Wednesday, January 27, 2010

thought policing the blogosphere

Seismic Shock is a blog I'd not heard of before today. It concerns itself with anti-Zionist activity and suchlike. They've written some stuff about an Anglican vicar, Stephen Sizer, and apparently accused him of associating with Holocaust deniers.

Two months ago, Sizer reported this to his local police in Surrey. They passed it on to Seismic Shock's local police in West Yorkshire, who sent two officers round to 'have a word'.

Seismic Shock deleted the offending post

"I did it because I felt intimidated," he said. "I felt had to co-operate with the police."

The story has surfaced in numerous parts of the understandably rattled Jewish blogosphere, in one or two places elsewhere due to its implications for freedom of speech in general, and also in the mainstream on the BBC and - thanks to its alleged anti-Israeli content - from Melanie Phillips in The Spectator.

Phillips splutters

Under what legal authority did the police come and feel Seismic Shock’s collar like this? What was the criminal offence he was suspected of committing? Under what authority did they require him to delete his previous blog?

What has happened to the British police when they intimidate a writer for material which other people merely find objectionable?

It's very simple. The Protection from Harassment Act 1997 says you commit an offence if you pursue a course of conduct that harasses someone or causes them alarm or distress.

Section 7 makes the low threshold clear:

(3) A “course of conduct” must involve conduct on at least two occasions.
(4) “Conduct” includes speech.

If that wasn't enough, the Serious Organised Crime and Police Act 2005 amended the law. A course of conduct was already something done at least twice to one person; now it's a crime if done just once to a group of two or more people.

This part of the Act was specifically aimed at protesters. It specifies that it is an offence to harass someone - ie talk to more than two people - if the intention is to persuade them

(i) not to do something that he is entitled or required to do, or

(ii) to do something that he is not under any obligation to do.

The following section makes it an offence to just be outside someone's home if it is likely to alarm or distress them and you're there to try to persuade them not to do something they're entitled to do, or to do something they're under no obligation to do.

It makes trespass an arrestable and imprisonable offence if it's a 'designated site' - ie Crown land or a site that the Secretary of State has designated 'in the interests of national security'. Watch out for that one being applied at power station and airport protests.

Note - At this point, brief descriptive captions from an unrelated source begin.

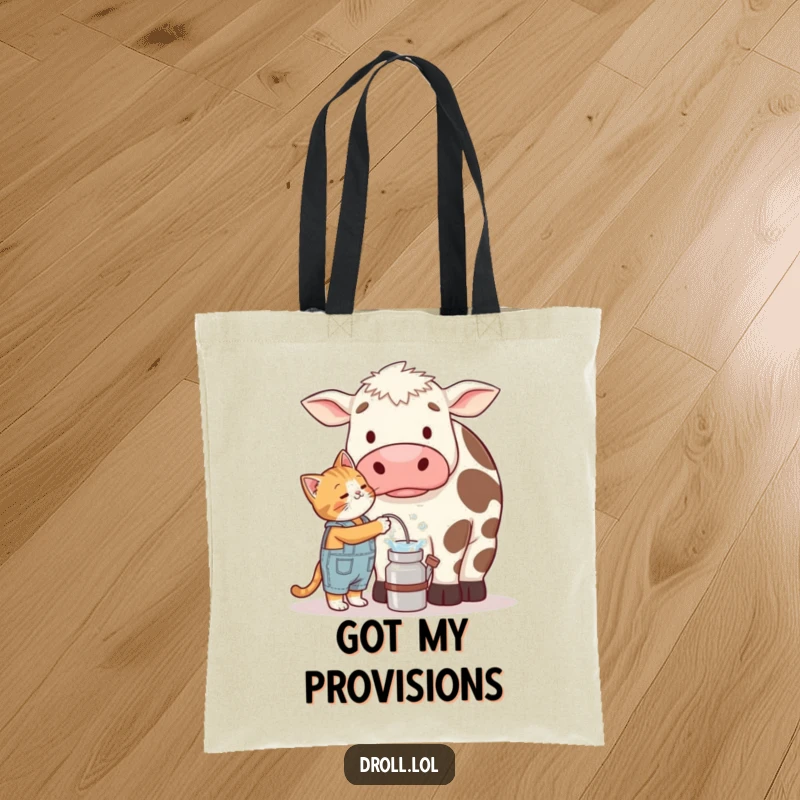 Funny tote bag illustrating a tiny cat in overalls trying to milk a massive, confused cow, capturing a humorous farm scene.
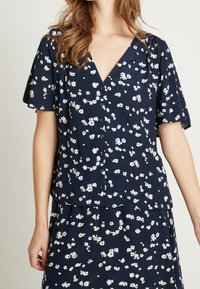 Blusa floreale blu navy con maniche corte a sbuffo; presenta un scollo a V, chiusura con bottoni e piccoli motivi floreali bianchi, rosa e blu.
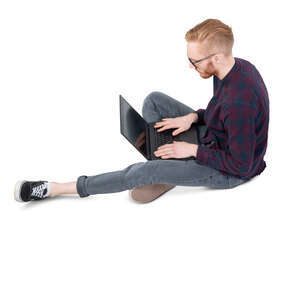 man sitting on the ground and working with a laptop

The Protection From Harassment Act - which we were told in 1997 was about protecting vulnerable women from dangerous ex-partners - is frequently used to protect vast corporations from people with leaflets and loud hailers.

Judges grant the injunctions after being convinced that protesters are "alarming or distressing" employees, often at emergency legal hearings without the protesters being informed or represented. They can rely on hearsay evidence or statements from police.

Protesters are often unable to challenge the statements, which are sometimes made anonymously. Activists then have to return to court, often at their own cost, to argue for a lifting of the injunction. Protesters can be jailed for up to five years if they break the terms of the court order.

It was the basis of the injunctions granted against SHAC, Smash EDO, Heathrow Climate Camp and at Radley Lakes where Npower had an injunction to protect their alarmed and distressed balaclava-wearing security guards from press photographers. The police take an active role in pushing this solution. For Smash EDO they supplied names of arrestees, even those who'd not been prosecuted. At the Kingsnorth Climate Camp, the police pressurised the power station's owners, Eon, to get an injunction.

Two people complained to police about Seismic Shock's blogpost, so we only needed a single act to be 'a course of action'. It seems to me they have a good case under the Protection from Harassment Act.

Couple that law to our anti-terrorism legislation - if a cop alleges you have been thinking about supporting a group who'd commit serious criminal damage for political purposes, you have to prove your innocence - and anything that offends or obstructs anyone can be covered. All you need is the political will to pursue it.

2 comments:

Matt Wardman said...

Thank-you for this piece, the link, and the extra legal detail which goes beyond that I had researched.

I'll tweet this article tomorrow, and link to you when I do another piece.

As far as I know, there has not been a conviction for harassment through material posted online - the only case I know of was one between ex-partners involving Facebook which was thrown out by magistrates due to lack of evidence.

merrick said...

Matt,

i don't know of any convictio0=ns for online 'courses of conduct' either.

However, that doesn't mean it won't happen.

Also, convictions aren't the whole story. The existence of such laws lets the cops come round and lean on people, as the Seismic Shock case shows. Nobody was convicted under Section 28 of the Local Government Act for promoting homosexuality, but it had a huge effect on many people's behaviour.